● WORK TO COMPLETE
Exactly as written, print out each entry in the data, with no pictures.

__________

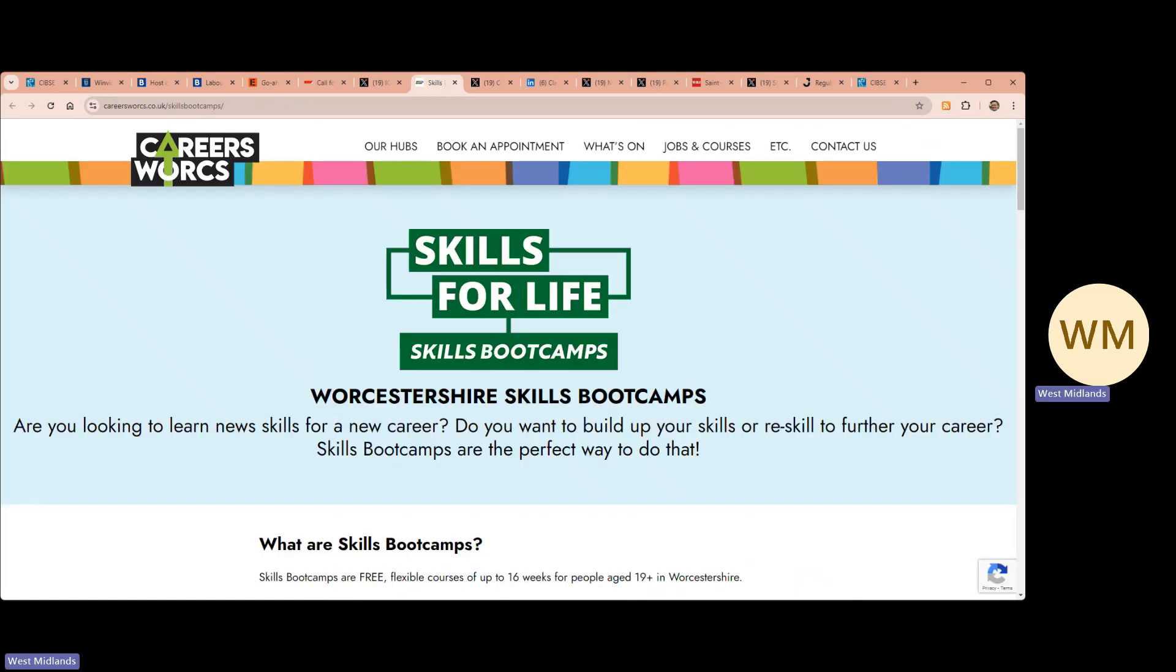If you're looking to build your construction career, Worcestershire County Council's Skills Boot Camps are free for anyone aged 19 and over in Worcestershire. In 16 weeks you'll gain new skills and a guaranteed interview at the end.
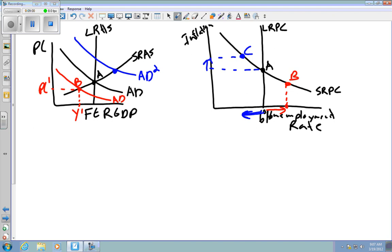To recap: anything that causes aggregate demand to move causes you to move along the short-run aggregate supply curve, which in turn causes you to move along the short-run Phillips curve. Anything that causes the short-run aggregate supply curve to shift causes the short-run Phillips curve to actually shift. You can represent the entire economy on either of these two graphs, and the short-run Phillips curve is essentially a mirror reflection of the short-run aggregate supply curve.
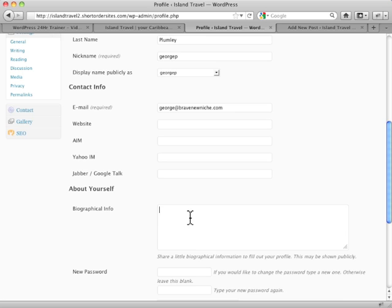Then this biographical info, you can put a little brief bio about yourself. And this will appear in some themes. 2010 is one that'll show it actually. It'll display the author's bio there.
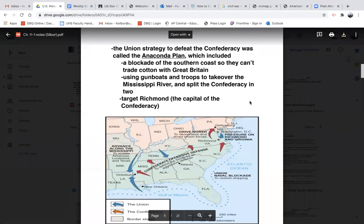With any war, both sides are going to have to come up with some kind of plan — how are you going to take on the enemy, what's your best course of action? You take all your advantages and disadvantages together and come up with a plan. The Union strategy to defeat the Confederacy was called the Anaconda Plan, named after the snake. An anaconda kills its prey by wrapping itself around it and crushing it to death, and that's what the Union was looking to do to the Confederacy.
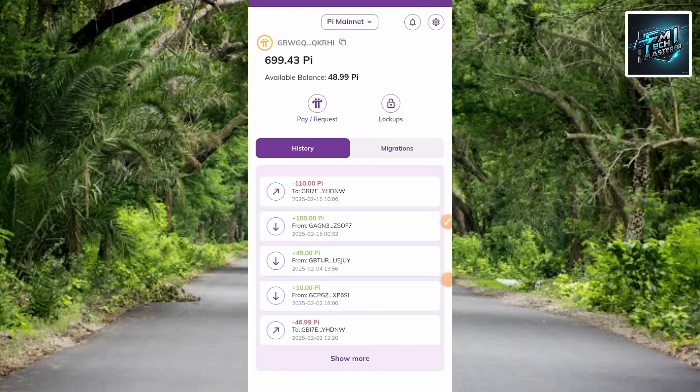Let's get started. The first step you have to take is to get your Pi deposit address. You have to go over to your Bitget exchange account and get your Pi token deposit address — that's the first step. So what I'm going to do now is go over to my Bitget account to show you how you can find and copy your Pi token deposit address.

__________

● EXERCISE RESULT
If you're looking to build your construction career, Worcestershire County Council's Skills Boot Camps are free for anyone aged 19 and over in Worcestershire. In 16 weeks you'll gain new skills and a guaranteed interview at the end.
To recap: anything that causes aggregate demand to move causes you to move along the short-run aggregate supply curve, which in turn causes you to move along the short-run Phillips curve. Anything that causes the short-run aggregate supply curve to shift causes the short-run Phillips curve to actually shift. You can represent the entire economy on either of these two graphs, and the short-run Phillips curve is essentially a mirror reflection of the short-run aggregate supply curve.
Then this biographical info, you can put a little brief bio about yourself. And this will appear in some themes. 2010 is one that'll show it actually. It'll display the author's bio there.
With any war, both sides are going to have to come up with some kind of plan — how are you going to take on the enemy, what's your best course of action? You take all your advantages and disadvantages together and come up with a plan. The Union strategy to defeat the Confederacy was called the Anaconda Plan, named after the snake. An anaconda kills its prey by wrapping itself around it and crushing it to death, and that's what the Union was looking to do to the Confederacy.
Let's get started. The first step you have to take is to get your Pi deposit address. You have to go over to your Bitget exchange account and get your Pi token deposit address — that's the first step. So what I'm going to do now is go over to my Bitget account to show you how you can find and copy your Pi token deposit address.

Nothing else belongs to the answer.